Posts: 466 From: Almost Heaven Registered: Aug 2004
posted 17 August 2005 21:50
Went to see Dr. C on Monday and he deemed Chanse 'cured' of lyme disease! Woo-hoo! He also told Chanse that he made his day!
Mind you, this is a little boy who was diagnosed with autism, a hopeless 'genetic' disease almost 5 years ago. He's a perfectly normal little boy and you'd never know today he was ever sick, let alone autistic.
What a blessing. My heart is bursting with gratitude for all of you here on lymenet. Thank you so much for your support over this past year.
I'll still be around . . . for a while, anyway.
One Year Ago Here is my initial post on lymenet about our son, immediately following his lyme disease diagnosis. Very much worth reading, especially if you have sick little ones!

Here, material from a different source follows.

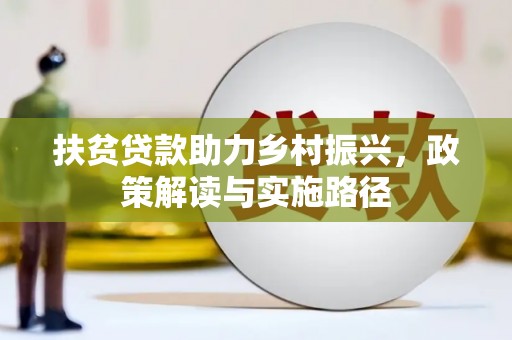 衡东扶贫贷款助力乡村振兴，政策解读与实施路径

Author Topic: Good News! I see the end of the tunnel and it's bright! Aniek Frequent Contributor Posts: 1253 From: Washington, DC Registered: Mar 2004 posted 22 August 2005 16:10 -------------------------------------------------------------------------------- I thought I would share the very, very good news that I appear to have beaten this thing! My symptoms are greatly reduced, I feel healthy, have energy, and just gosh darnit feel good! Many of you may think of me as a walking advertisement for the muscle relaxer Flexeril. I've been on 30mg a day for about 18 months. Like a bad patient, I noticed my prescription would run out before my next visit. So I decided to take a test and I started to wean myself off the Flexeril.
I'm now down to 10mg and I don't have any increased pain or stiffness. In the past, I've noticed increased pain within 48 hours of going down to 20mg.
The infections I have battled are Lyme, Babesia and Salmonella. Interestingly, the salmonella appeared gone only to reemerge after treating the babs. Salmonella can cause a reactive arthritis.
I've moved through a number of protocols including: Penicillin Amoxycillin, Biaxin and Plaquenil Augmentin, Biaxin and Plaquenil Augmentin, Levaquin and Plaquenil Ketek, Artemisinin and Plaquenil Ketek, Amoxycillin and Plaquenil
Also had Diflucan, Synthroid, Acyclovir (Anti-Viral), Flexeril and most of the treatment. Added Prevacid a few months ago for heartburn.
[This message has been edited by treepatrol (edited 23 August 2005).]